Could you restate, exactly and with nothing added, the lines from the start of the data through the line that holds "Many different math", leaving the pictures out?
══ SOURCE MATERIAL ══
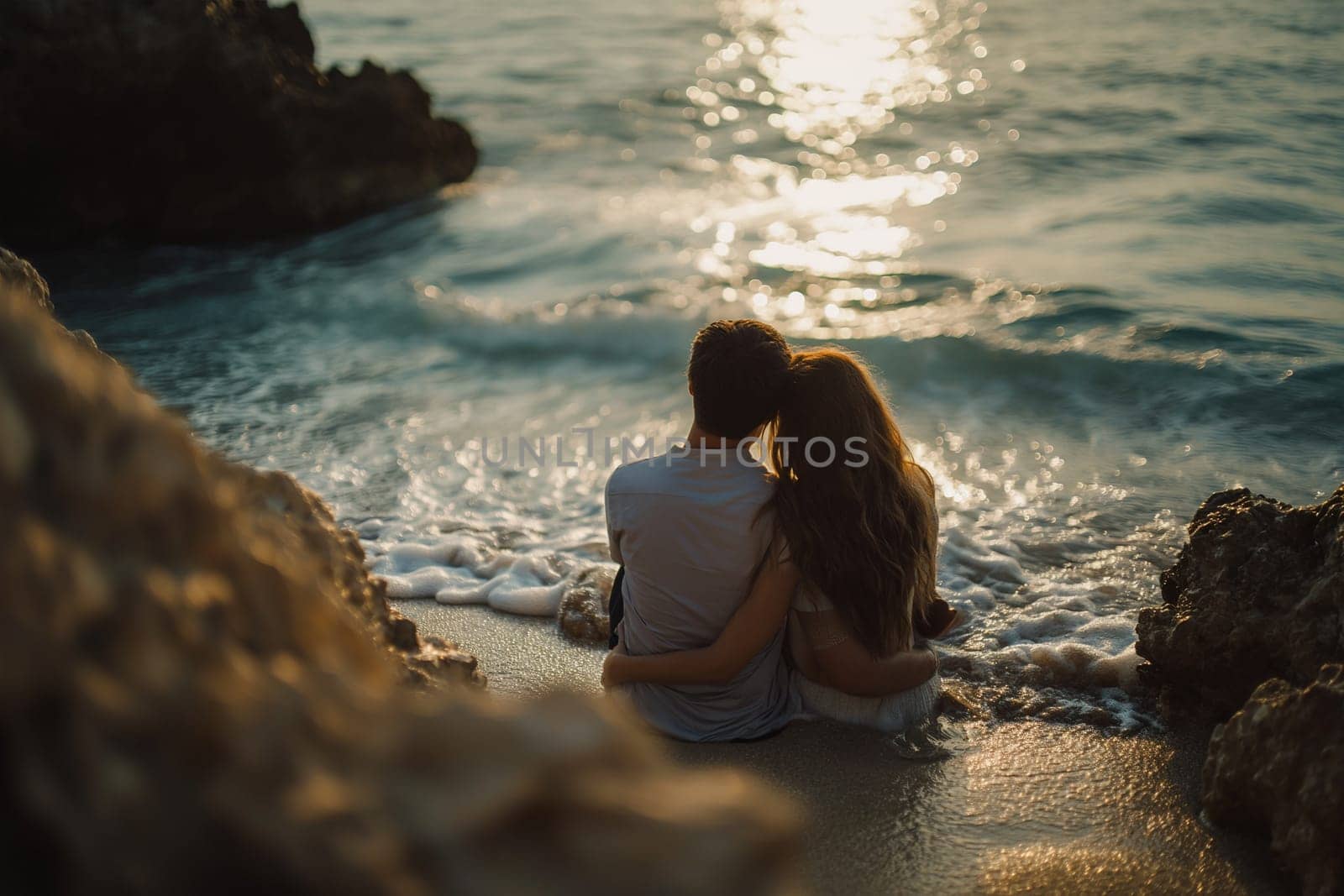 A happy couple sits in the water on the seashore, looking at the sunset by Sd28DimoN_1976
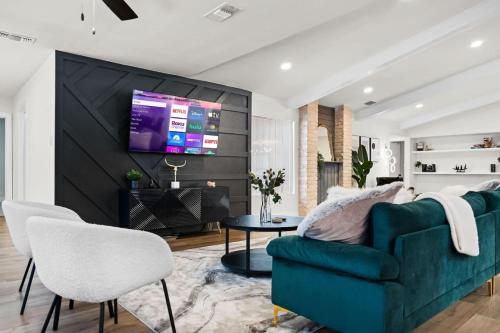 a living room with a couch and a tv on a wall at Spacious 6 Bed House Pet Friendly AFB in San Antonio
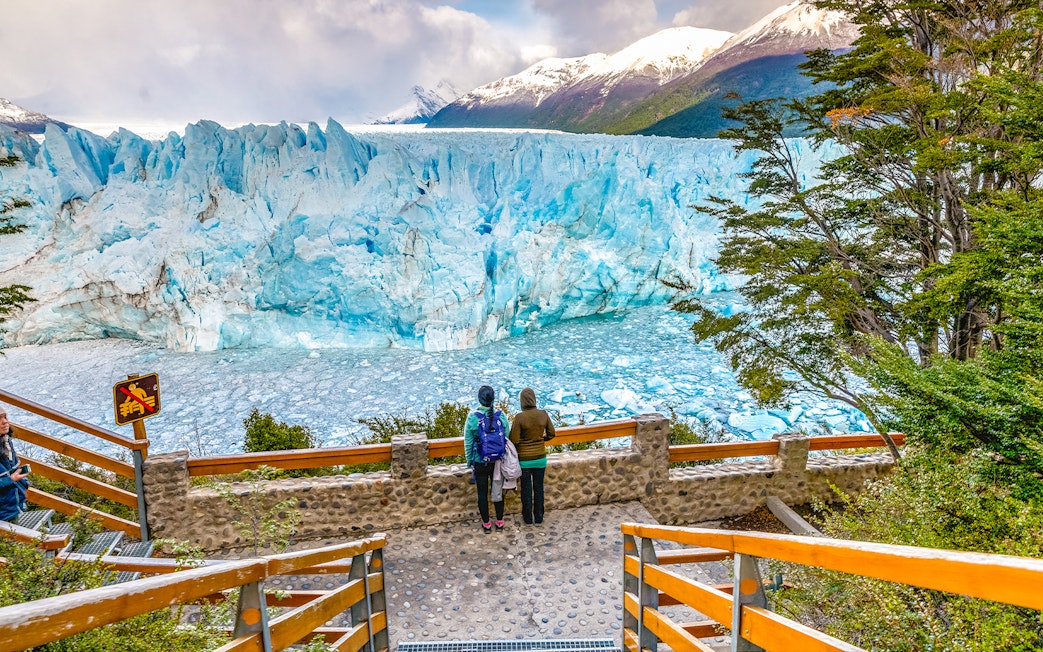 Visitors observing Perito Moreno Glacier from viewing deck in Patagonia, Argentina.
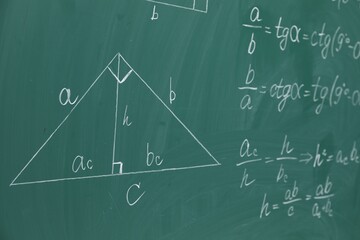 Many different math formulas written on chalkboard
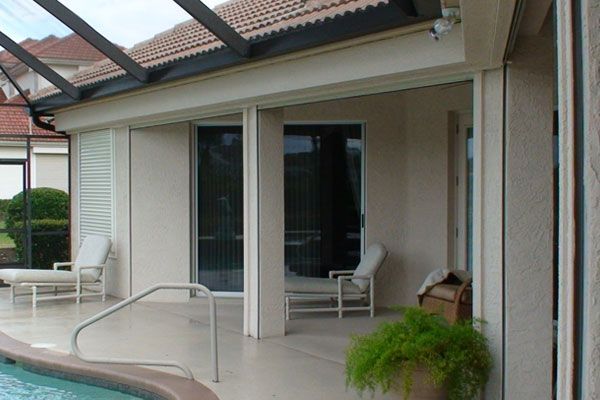 Patio with pool, lounge chairs, and potted plant. Open sliding glass door.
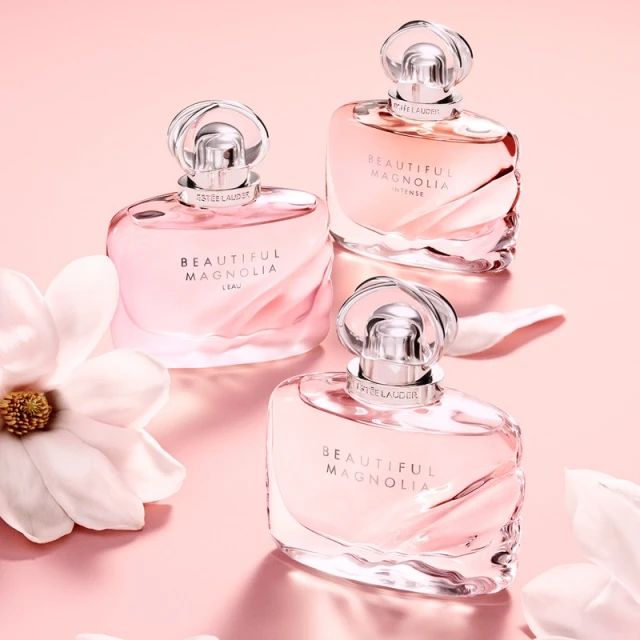 Three Estee Lauder Beautiful Magnolia perfume bottles in graduated sizes on a pink backdrop, accented with scattered white magnolia petals.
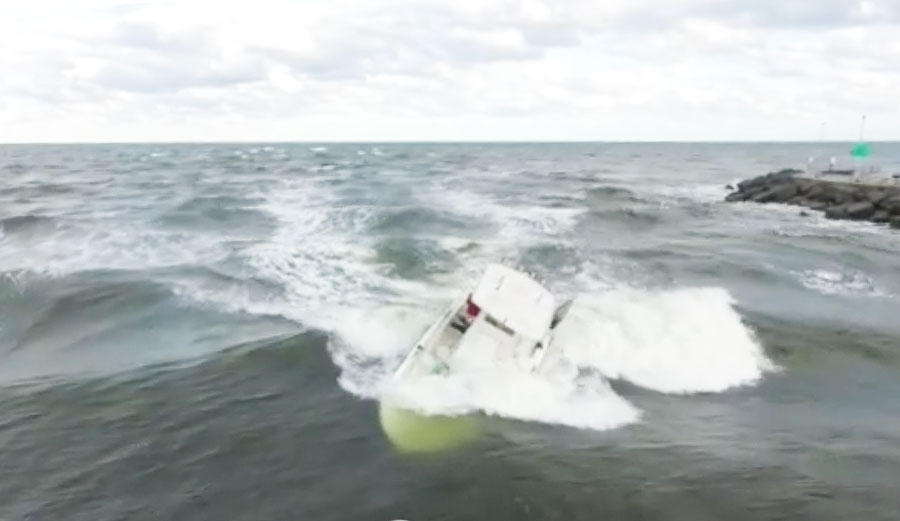 After a man's boat sank in Jupiter Inlet, a 13-year-old surfer came to the rescue.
═══
EXERCISE SOLUTION:
 A happy couple sits in the water on the seashore, looking at the sunset by Sd28DimoN_1976
 a living room with a couch and a tv on a wall at Spacious 6 Bed House Pet Friendly AFB in San Antonio
 Visitors observing Perito Moreno Glacier from viewing deck in Patagonia, Argentina.
 Many different math formulas written on chalkboard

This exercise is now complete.